Activities and Outputs
Oxford University Press Blog Post on Brexit: Part 2
This is the second of the two-part blog post that OUP published on its website on October 6th 2016 to accompany the release of the seventh edition of Baylis, Smith and Owens's The Globalization of World Politics. It is entitled, 'Brexit and Article 50 Negotiations: Why the Smart Money Might be on No Deal'.
Oxford University Press Blog Post on Brexit: Part 1
In August 2016 I was invited by Oxford University Press to do some filming for their website, answering questions on Brexit. This was to help them in their advertising for the seventh edition of Baylis, Smith and Owens's The Globalization of World Politics, to which I am a contributing author for the chapter on Global Trade and Global Finance. These are two dimensions of the modern-day phenomenon of economic globalisation that will definitely be impacted on by the UK's decision to withdraw from the European Union.
As a follow-up to my afternoon filming, I was then asked to write two blog posts for the OUP website. The first was published on September 25th 2016, and is called, 'Brexit and Article 50 Negotiations: What it would take to strike a deal'. This post, along with the accompanying film, can be found via the following link.
Oxford Brookes University General Departmental Seminar Presentation
On November 23rd 2015 I delivered a paper to the General Departmental Seminar of the Department of Social Sciences at Oxford Brookes University.
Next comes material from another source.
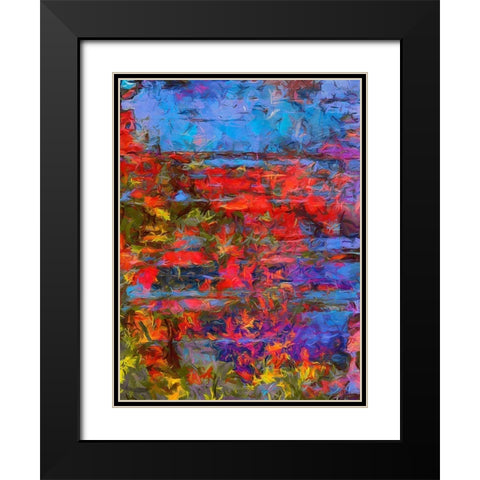 Red , Blue and Yellow Black Modern Wood Framed Art Print with Double Matting by Medeiros, Celito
The paper is entitled, 'Exploring Ricardo's Silences: Re-Historicising the Theory of Comparative Advantage', and it is available from me on request. Here is the abstract.
"According to David Ricardo’s theory of comparative advantage, all countries stand to gain if they trade freely their surplus stock having first specialised production along the lines of relative opportunity costs. This basic insight is now two centuries old, but it remains at the heart of economists’ theories of international trade, and it also continues to provide the underlying economic ethics for liberal IPE. Any numerical example attributing any level of relative labour efficiency to any two countries across any two goods provides a simple system of equations that will demonstrate how specialisation and trade increases total world production. Ricardo’s own numbers showed a productively superior hypothetical ‘Portugal’ and a productively inferior hypothetical ‘England’ share the gains from free trade. This article, however, reinserts the historical back-story of actual eighteenth-century trading relations between the real Portugal and England that Ricardo silenced through omission. It is a highly illiberal tale of gunboats, royal intrigue and personal subjugation. Ricardo’s account of the purely market-based logic of comparative advantage writes out of economic history the centrality of both imperial wars and African slavery to the early English and Portuguese experience of ‘free’ trade. Given this historical back-story, liberal IPE thus appears to be in urgent need of new normative foundations."